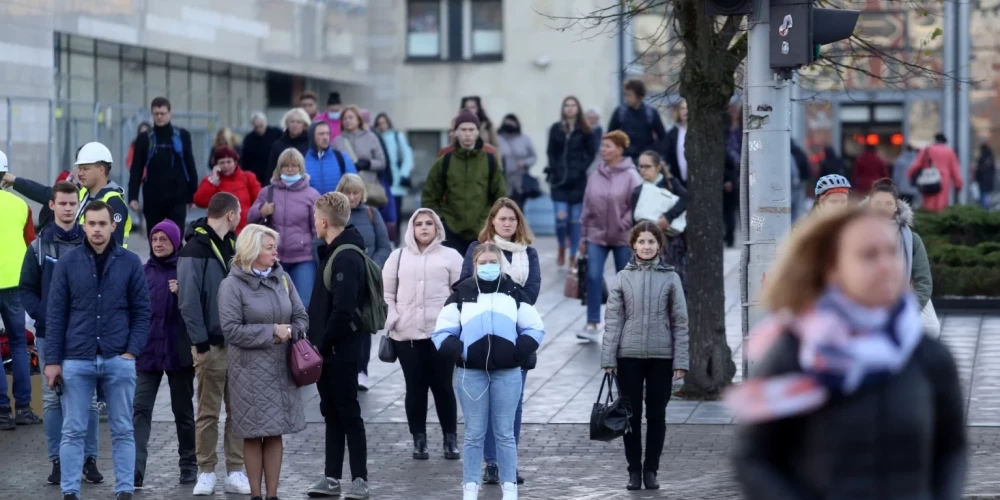Перерасчет пенсий и социальных пособий от VSAA: изменения с 1 января 2026 года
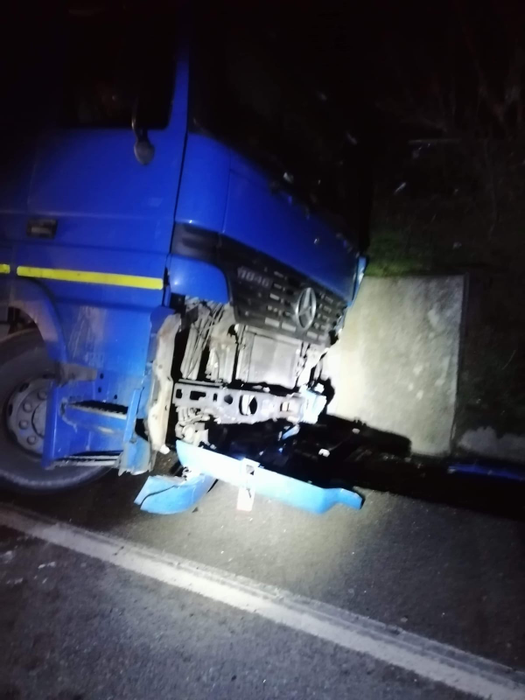 Carnagiu în Olt. 4 persoane și-au pierdut viața în urma impactului violent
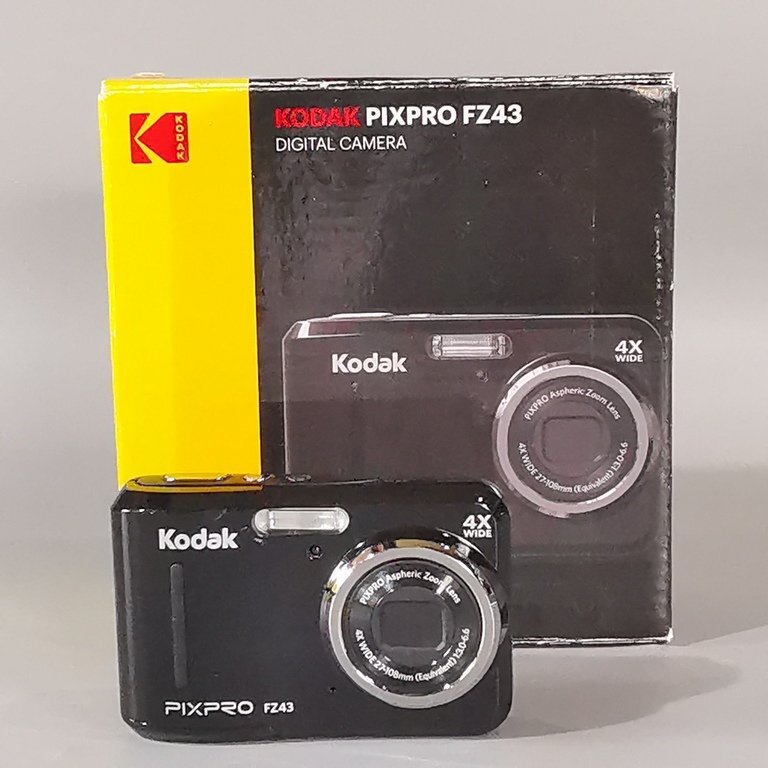 動作品 KODAK PIXPRO FZ43 ブラック コダック 単3x2本 1600万画素 4x コンパクトデジタルカメラ 元箱 Z8822
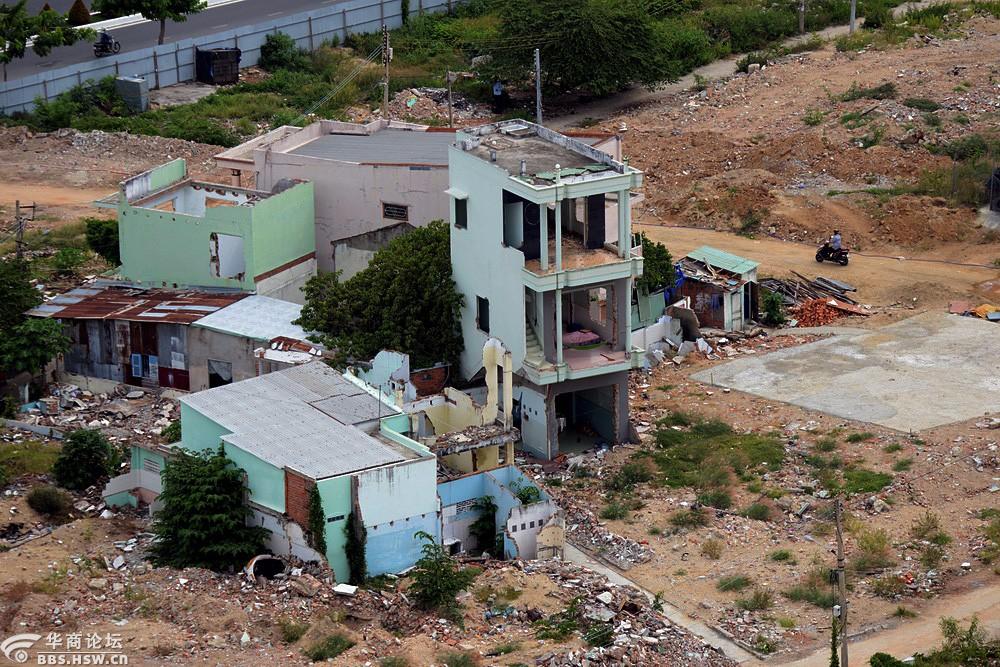 越南渔村的贫民窟,正在拆迁中【严建设】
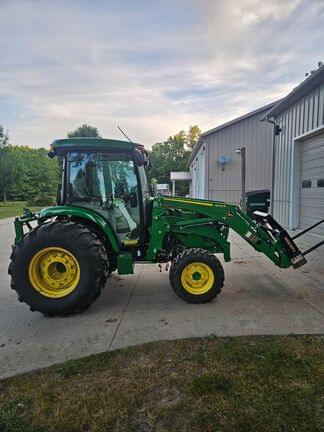 Image of John Deere 4066R equipment image 2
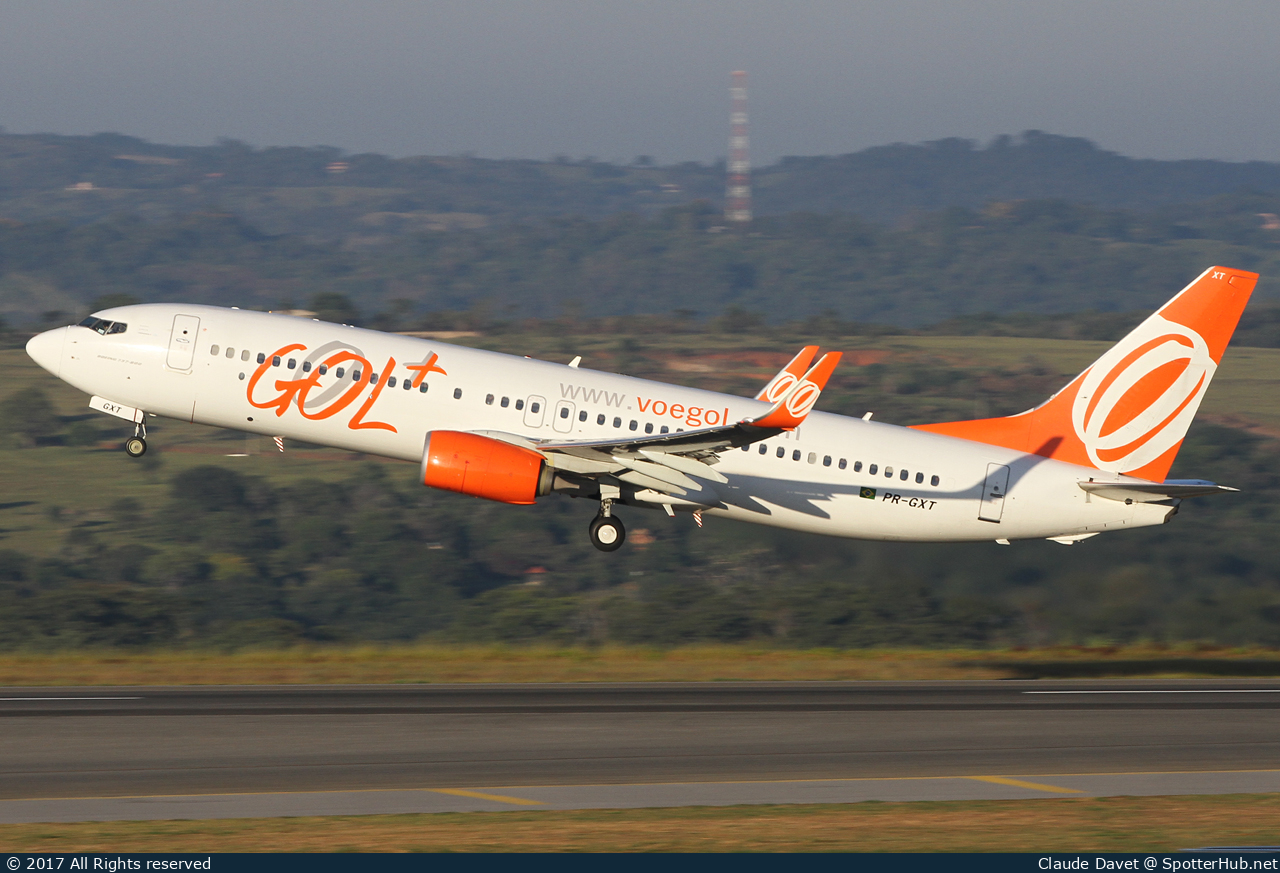 Photo of PR-GXT - Boeing 737-8EH operated by GOL Linhas Aéreas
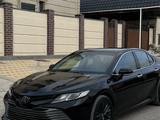 Toyota Camry 2018 года за 10 000 000 тг. в Жанаозен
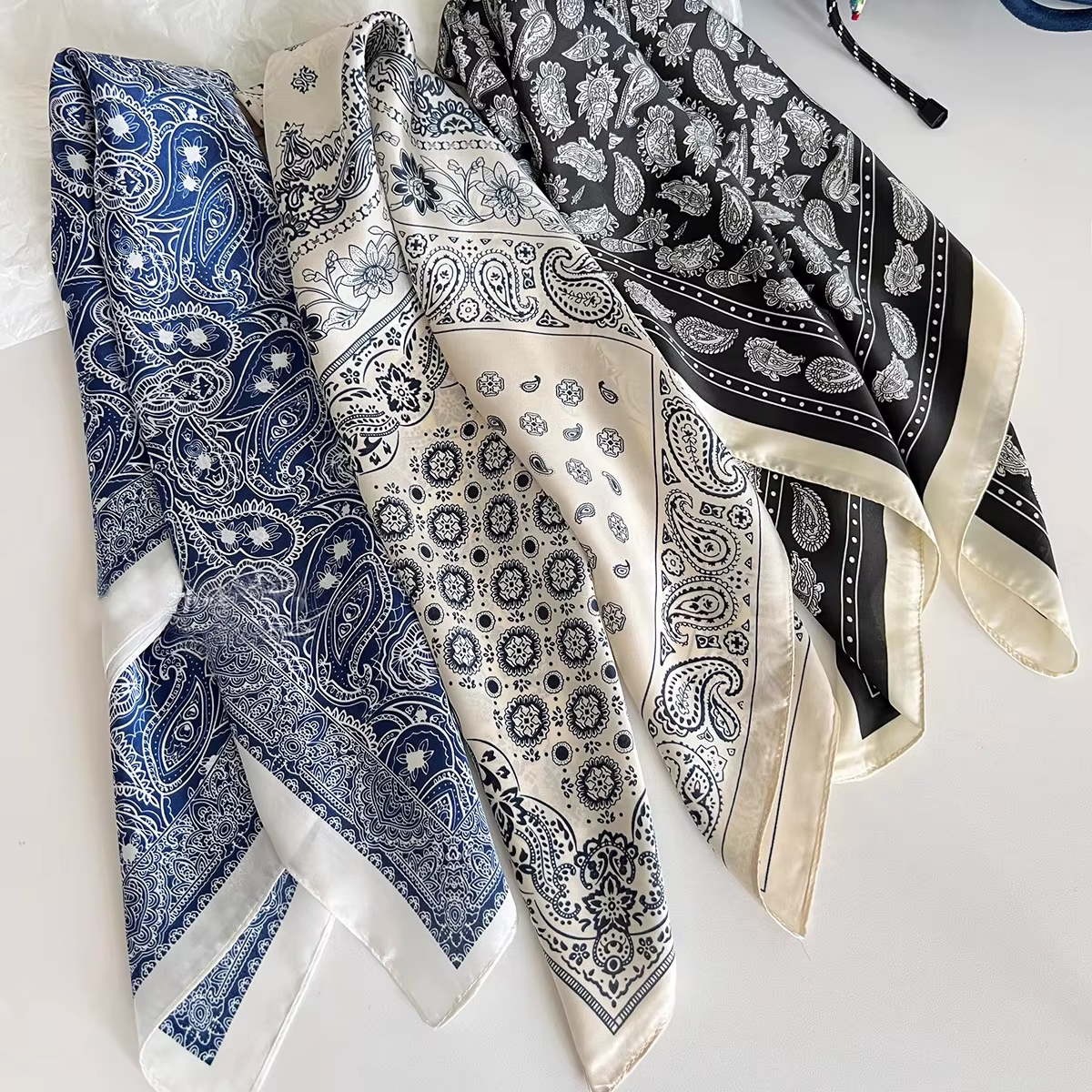 Paisley – foulard carré Vintage de printemps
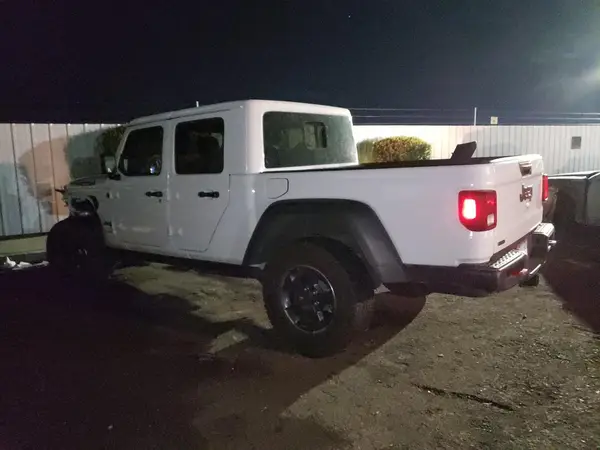 1C6JJTBM1PL536961 2023 JEEP GLADIATOR - Image 2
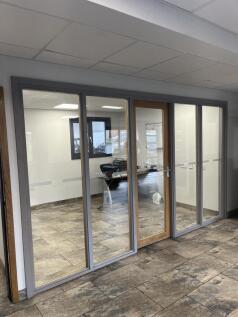 Warehouse to rent Image 5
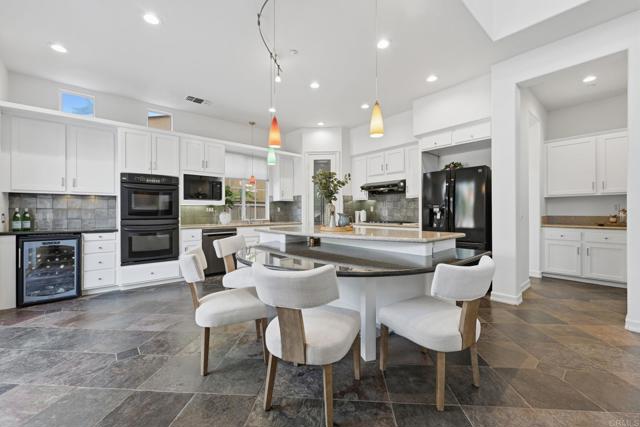 Detail Gallery Image 20 of 65 For 557 Samuel Ct, Encinitas,  CA 92024 - 5 Beds | 4/1 Baths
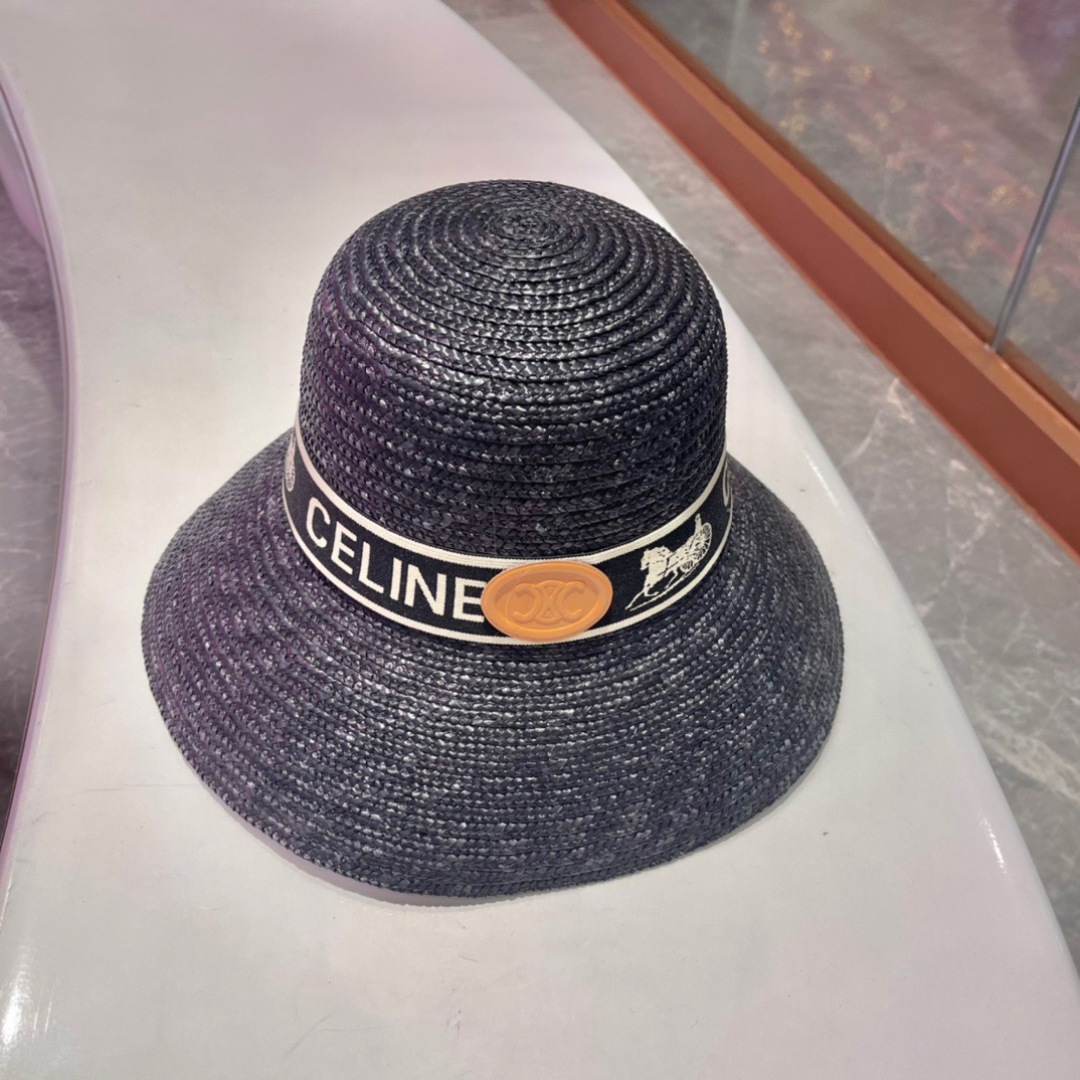  赛琳 CELINE 官方款麦秆草帽，高密度制作，一顶超级有品位的草帽了~出街首选！帽型超美腻颜色妥妥，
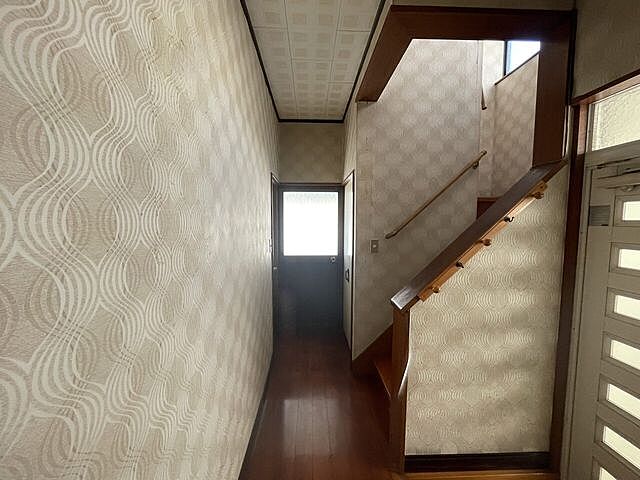 室内 伊勢崎市宮前町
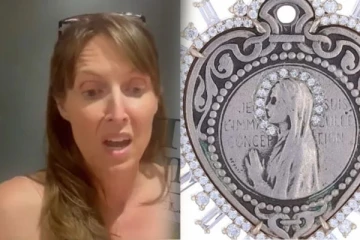 போலி நகைகளை ரூ.6 கோடிக்கு வாங்கிய அமெரிக்க பெண் - நடந்தது என்ன?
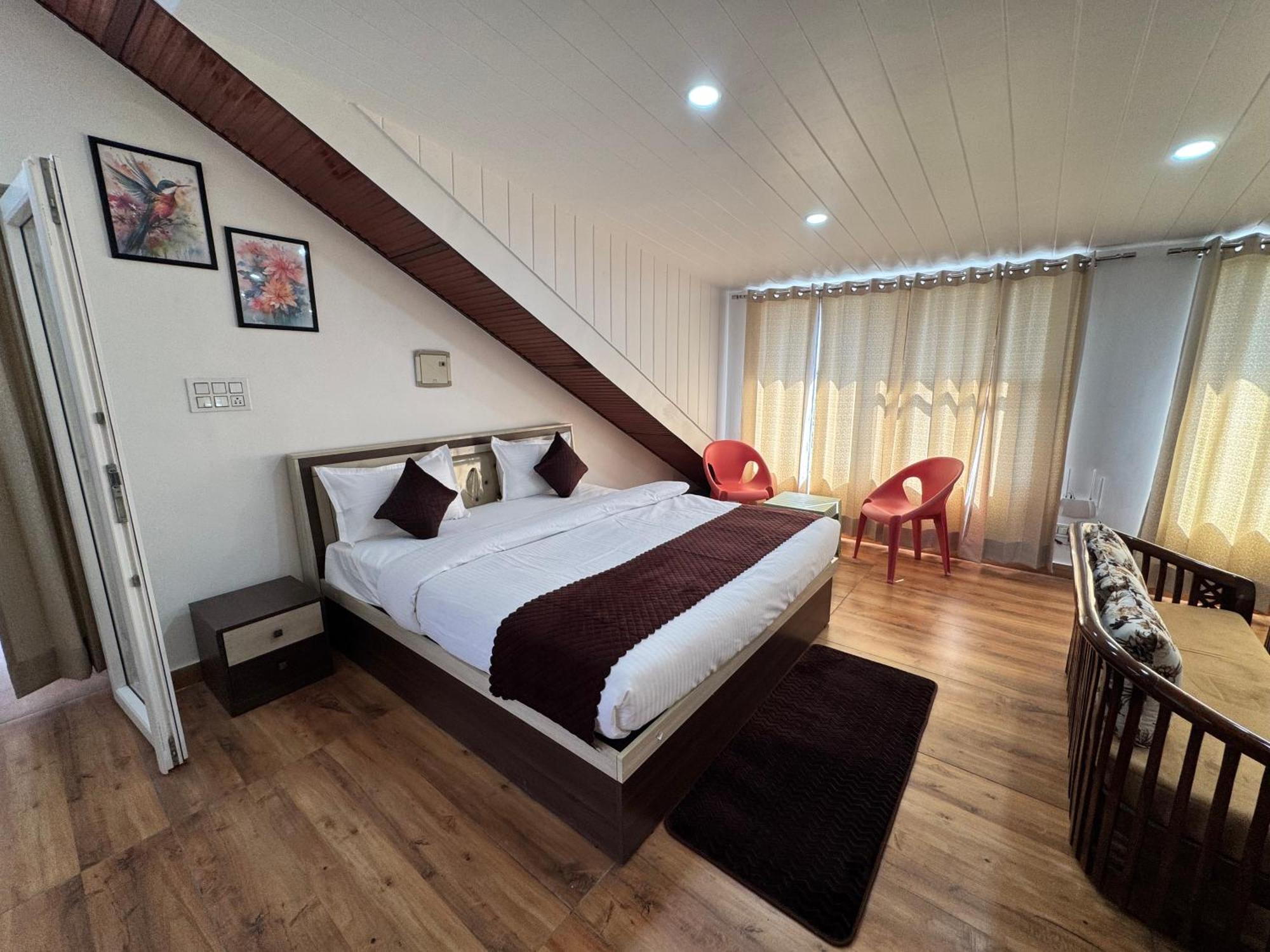 Attic Breeze Apartment *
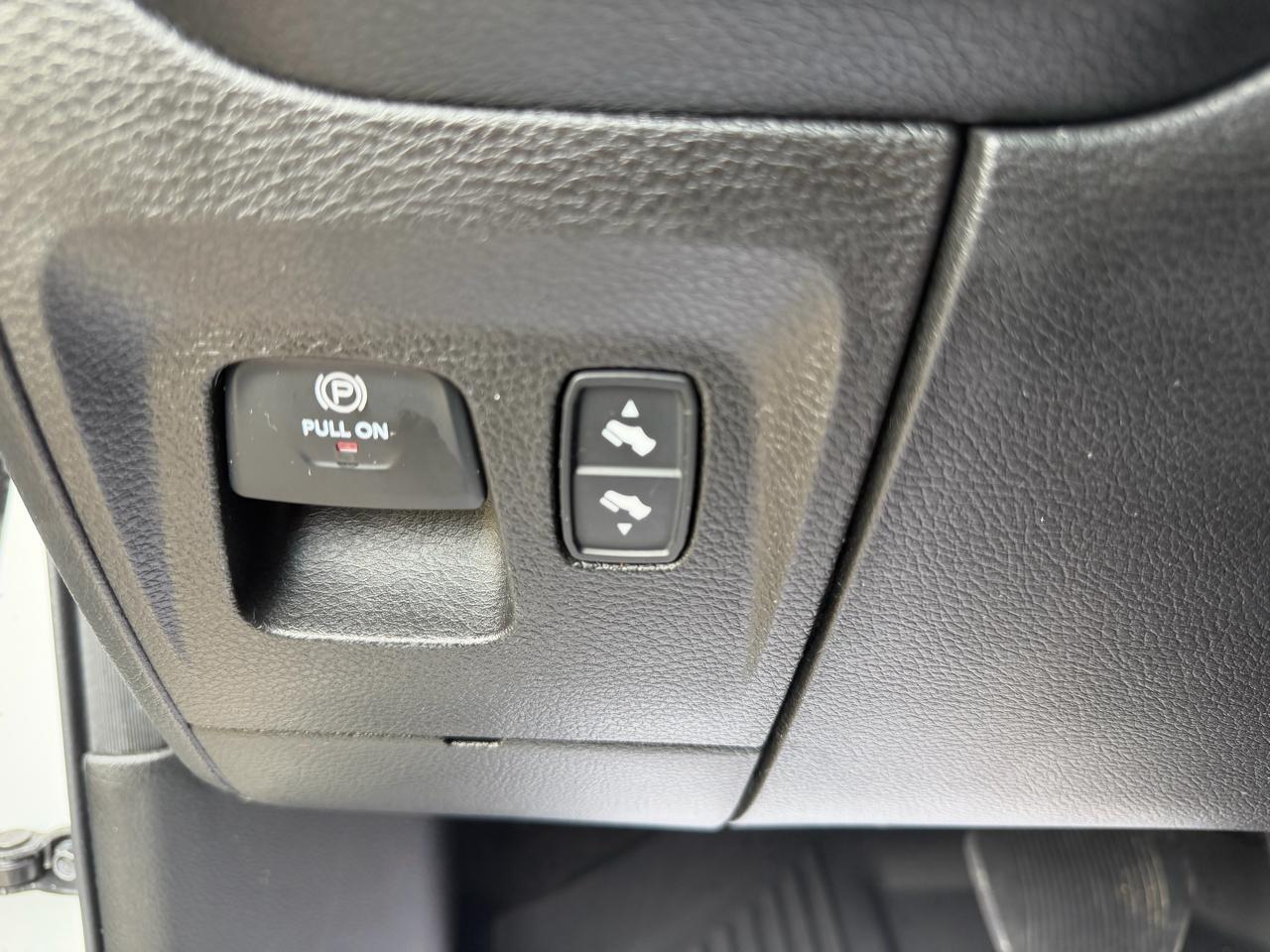 RAM 1500 Big Horn Crew Cab SWB 4WD 2020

*-*-*

> **What the task requires**
Could you give the material again exactly as it stands, omitting any image?

> **Completed task**
Перерасчет пенсий и социальных пособий от VSAA: изменения с 1 января 2026 года
 Carnagiu în Olt. 4 persoane și-au pierdut viața în urma impactului violent
 動作品 KODAK PIXPRO FZ43 ブラック コダック 単3x2本 1600万画素 4x コンパクトデジタルカメラ 元箱 Z8822
 越南渔村的贫民窟,正在拆迁中【严建设】
 Image of John Deere 4066R equipment image 2
 Photo of PR-GXT - Boeing 737-8EH operated by GOL Linhas Aéreas
 Toyota Camry 2018 года за 10 000 000 тг. в Жанаозен
 Paisley – foulard carré Vintage de printemps
 1C6JJTBM1PL536961 2023 JEEP GLADIATOR - Image 2
 Warehouse to rent Image 5
 Detail Gallery Image 20 of 65 For 557 Samuel Ct, Encinitas,  CA 92024 - 5 Beds | 4/1 Baths
  赛琳 CELINE 官方款麦秆草帽，高密度制作，一顶超级有品位的草帽了~出街首选！帽型超美腻颜色妥妥，
 室内 伊勢崎市宮前町
 போலி நகைகளை ரூ.6 கோடிக்கு வாங்கிய அமெரிக்க பெண் - நடந்தது என்ன?
 Attic Breeze Apartment *
 RAM 1500 Big Horn Crew Cab SWB 4WD 2020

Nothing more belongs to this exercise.